Assuming no elisions, a single move constructor call is eliminated with pass by rvalue.
The compiler has better opportunity to elide copies/moves with pass by value. Can anyone substantiate this claim? Preferably with a link to gcc.godbolt.org showing optimized generated code from gcc/clang rather than a line in the standard. My attempt at showing this was probably not able to successfully isolate the behavior: https://godbolt.org/g/4yomtt
Addendum: why am I constraining this problem so much?
No overloads - if there were other overloads, this would devolve into a discussion of pass by value vs a set of overloads that include both const reference and rvalue reference, at which point the set of overloads is obviously more efficient and wins. This is well known, and therefore not interesting.
No templates - I'm not interested in how forwarding references fit into the picture. If you have a forwarding reference, you call std::forward anyway. The goal with a forwarding reference is to pass things as you received them. Copies aren't relevant because you just pass an lvalue instead. It's well known, and not interesting.
foo requires ownership of Widget (aka no const Widget&) - We're not talking about read-only functions. If the function was read-only or didn't need to own or extend the lifetime of the Widget, then the answer trivially becomes const Widget&, which again, is well known, and not interesting. I also refer you to why we don't want to talk about overloads.
What do rvalue usages say about an interface versus copying?
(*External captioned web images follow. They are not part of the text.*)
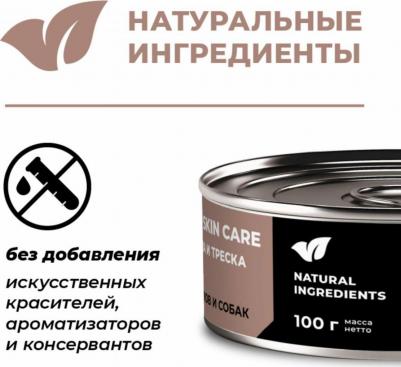 консервы полнорационные для взрослых собак и щенков с телятиной и треской, HAIR&SKIN CARE Veal&CodFish, 100 г – фото 10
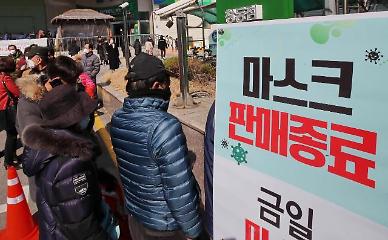 [마스크 요일제] 어린 아이, 어르신도 직접 와서 사라?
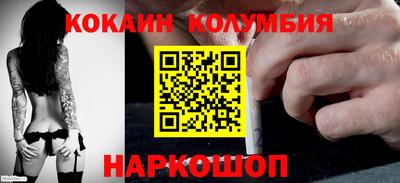 марихуана Канаш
rvalue suggests to the caller that the function both wants to own the value and has no intention of letting the caller know of any changes it has made. Consider the following (I know you said no lvalue references in your example, but bear with me):
//Hello. I want my own local copy of your Widget that I will manipulate,
//but I don't want my changes to affect the one you have. I may or may not
//hold onto it for later, but that's none of your business.
void foo(Widget w);
//Hello. I want to take your Widget and play with it. It may be in a
//different state than when you gave it to me, but it'll still be yours
//when I'm finished. Trust me!
void foo(Widget& w);
//Hello. Can I see that Widget of yours? I don't want to mess with it;
//I just want to check something out on it. Read that one value from it,
//or observe what state it's in. I won't touch it and I won't keep it.
void foo(const Widget& w);
//Hello. Ooh, I like that Widget you have. You're not going to use it
//anymore, are you? Please just give it to me. Thank you! It's my
//responsibility now, so don't worry about it anymore, m'kay?
void foo(Widget&& w);
For another way of looking at it:
//Here, let me buy you a new car just like mine. I don't care if you wreck
//it or give it a new paint job; you have yours and I have mine.
void foo(Car c);
//Here are the keys to my car. I understand that it may come back...
//not quite the same... as I lent it to you, but I'm okay with that.
void foo(Car& c);
//Here are the keys to my car as long as you promise to not give it a
//paint job or anything like that
void foo(const Car& c);
//I don't need my car anymore, so I'm signing the title over to you now.
//Happy birthday!
void foo(Car&& c);
Now, if Widgets have to remain unique (as actual widgets in, say, GTK do) then the first option cannot work. The second, third and fourth options make sense, because there's still only one real representation of the data. Anyway, that's what those semantics say to me when I see them in code.
Now, as for efficiency: it depends. rvalue references can save a lot of time if Widget has a pointer to a data member whose pointed-to contents can be rather large (think an array). Since the caller used an rvalue, they're saying they don't care about what they're giving you anymore. So, if you want to move the caller's Widget's contents into your Widget, just take their pointer. No need to meticulously copy each element in the data structure their pointer points to. This can lead to pretty good improvements in speed (again, think arrays). But if the Widget class doesn't have any such thing, this benefit is nowhere to be seen.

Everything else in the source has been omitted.